**EXERCISE BRIEF:**
Beginning with the first line of the data below, reproduce every line unchanged, ending with the line that holds "月】据 CNBC 报道".

****************************************

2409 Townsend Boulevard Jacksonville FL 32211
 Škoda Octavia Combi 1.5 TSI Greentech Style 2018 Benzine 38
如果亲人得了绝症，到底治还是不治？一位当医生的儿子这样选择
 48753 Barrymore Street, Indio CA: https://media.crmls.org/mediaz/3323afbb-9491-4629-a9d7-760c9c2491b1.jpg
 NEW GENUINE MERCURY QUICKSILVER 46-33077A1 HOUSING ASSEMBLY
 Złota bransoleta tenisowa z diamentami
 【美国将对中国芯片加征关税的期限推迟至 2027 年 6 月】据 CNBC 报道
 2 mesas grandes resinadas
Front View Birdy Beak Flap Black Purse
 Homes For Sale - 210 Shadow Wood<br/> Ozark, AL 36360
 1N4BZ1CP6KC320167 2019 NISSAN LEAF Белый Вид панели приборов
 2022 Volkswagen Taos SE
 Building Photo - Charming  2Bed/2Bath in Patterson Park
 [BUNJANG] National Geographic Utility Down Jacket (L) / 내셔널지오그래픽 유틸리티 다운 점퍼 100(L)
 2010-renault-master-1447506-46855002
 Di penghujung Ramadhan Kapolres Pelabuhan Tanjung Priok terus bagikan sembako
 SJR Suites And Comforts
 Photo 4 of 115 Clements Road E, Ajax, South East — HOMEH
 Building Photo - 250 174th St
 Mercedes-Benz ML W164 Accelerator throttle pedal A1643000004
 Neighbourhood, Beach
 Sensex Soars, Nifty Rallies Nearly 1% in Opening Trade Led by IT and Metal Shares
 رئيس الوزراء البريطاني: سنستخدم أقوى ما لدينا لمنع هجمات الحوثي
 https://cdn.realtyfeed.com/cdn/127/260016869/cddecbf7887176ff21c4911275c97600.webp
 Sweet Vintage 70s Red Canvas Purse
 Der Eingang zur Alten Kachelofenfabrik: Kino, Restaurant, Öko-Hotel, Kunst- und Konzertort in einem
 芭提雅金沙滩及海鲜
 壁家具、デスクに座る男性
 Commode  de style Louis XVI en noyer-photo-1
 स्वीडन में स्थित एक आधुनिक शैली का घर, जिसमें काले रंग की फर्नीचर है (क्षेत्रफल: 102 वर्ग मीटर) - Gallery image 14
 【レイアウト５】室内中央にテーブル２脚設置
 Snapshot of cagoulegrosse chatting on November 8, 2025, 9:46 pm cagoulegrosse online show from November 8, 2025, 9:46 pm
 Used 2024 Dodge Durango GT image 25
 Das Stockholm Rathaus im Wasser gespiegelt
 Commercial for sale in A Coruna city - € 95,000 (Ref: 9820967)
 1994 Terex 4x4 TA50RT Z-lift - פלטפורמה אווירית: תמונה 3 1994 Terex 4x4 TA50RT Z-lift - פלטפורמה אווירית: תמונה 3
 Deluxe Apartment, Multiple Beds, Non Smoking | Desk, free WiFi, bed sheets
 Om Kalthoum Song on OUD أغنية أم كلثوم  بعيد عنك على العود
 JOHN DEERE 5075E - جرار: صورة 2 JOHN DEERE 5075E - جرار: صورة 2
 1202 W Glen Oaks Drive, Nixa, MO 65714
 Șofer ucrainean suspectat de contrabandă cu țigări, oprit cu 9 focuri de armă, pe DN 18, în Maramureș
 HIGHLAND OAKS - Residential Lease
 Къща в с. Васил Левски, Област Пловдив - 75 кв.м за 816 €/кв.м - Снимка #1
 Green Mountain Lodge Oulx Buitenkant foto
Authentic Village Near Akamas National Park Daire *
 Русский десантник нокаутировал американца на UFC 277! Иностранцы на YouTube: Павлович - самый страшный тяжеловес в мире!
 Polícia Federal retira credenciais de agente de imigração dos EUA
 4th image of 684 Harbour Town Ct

****************************************

**OUTPUT FOR THIS EXERCISE:**
2409 Townsend Boulevard Jacksonville FL 32211
 Škoda Octavia Combi 1.5 TSI Greentech Style 2018 Benzine 38
如果亲人得了绝症，到底治还是不治？一位当医生的儿子这样选择
 48753 Barrymore Street, Indio CA: https://media.crmls.org/mediaz/3323afbb-9491-4629-a9d7-760c9c2491b1.jpg
 NEW GENUINE MERCURY QUICKSILVER 46-33077A1 HOUSING ASSEMBLY
 Złota bransoleta tenisowa z diamentami
 【美国将对中国芯片加征关税的期限推迟至 2027 年 6 月】据 CNBC 报道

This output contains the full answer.